I thought that I would share some more pictures of my sheep and lambs since they are done for the year.

I was having so much fun watching the lambs and my mastiff, Luna this morning!

I am trying to load the short video to photobucket, but it is having trouble - may have to load it from work tomorrow. But it was funny - cause as Luna's tail would wag, the 1 month old lambs would come over and bob their head watching the tail swing - hehehe

Mom and 1 day old ewe lamb










Ram lambs



















Luna and sheep


----------



## toth boer goats (Jul 20, 2008)

so adorable ....love the dog and sheep shots......like the one that the 2 lambs... are looking at your dogs tail like ....What is that thingy...LOL :greengrin:


----------



## kelebek (Oct 5, 2007)

After I took that photo is when I switched the camera to video and took a short clip of them with Luna - it was so funny! Hopefully I can get it to load here real soon!


----------



## toth boer goats (Jul 20, 2008)

Oh I would love to see that....the pic alone is cute and funny........ :greengrin:


----------



## kelebek (Oct 5, 2007)

The lamb that is closest to Luna's tail is one of the twins that momma first rejected and was in the house for the first 12 hours of his life.
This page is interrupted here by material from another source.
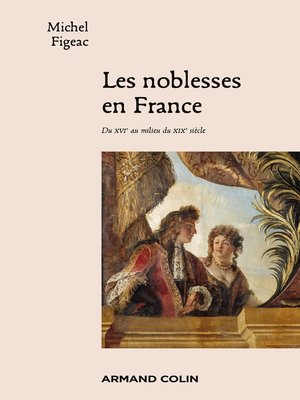 cover image of Les noblesses en France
Momma took him back, but his twin is a bottle baby at a friends house and I guess is just doing awesome


----------



## toth boer goats (Jul 20, 2008)

Oh heck yea.........he looks really good.....I can't believe it is him...he's doing alot of growing ...I see...... :thumbup: :dance:


----------



## AlaskaBoers (May 7, 2008)

cute! you have some tall fencing!


----------



## kelebek (Oct 5, 2007)

It is 10 foot game fencing reinforced by drilling pipe. They raised elk here before we moved here.


----------



## rebelshope (Sep 21, 2008)

Beautiful animals and property!!

Love the ones of the kids and the dog and I can't wait to see video!!


----------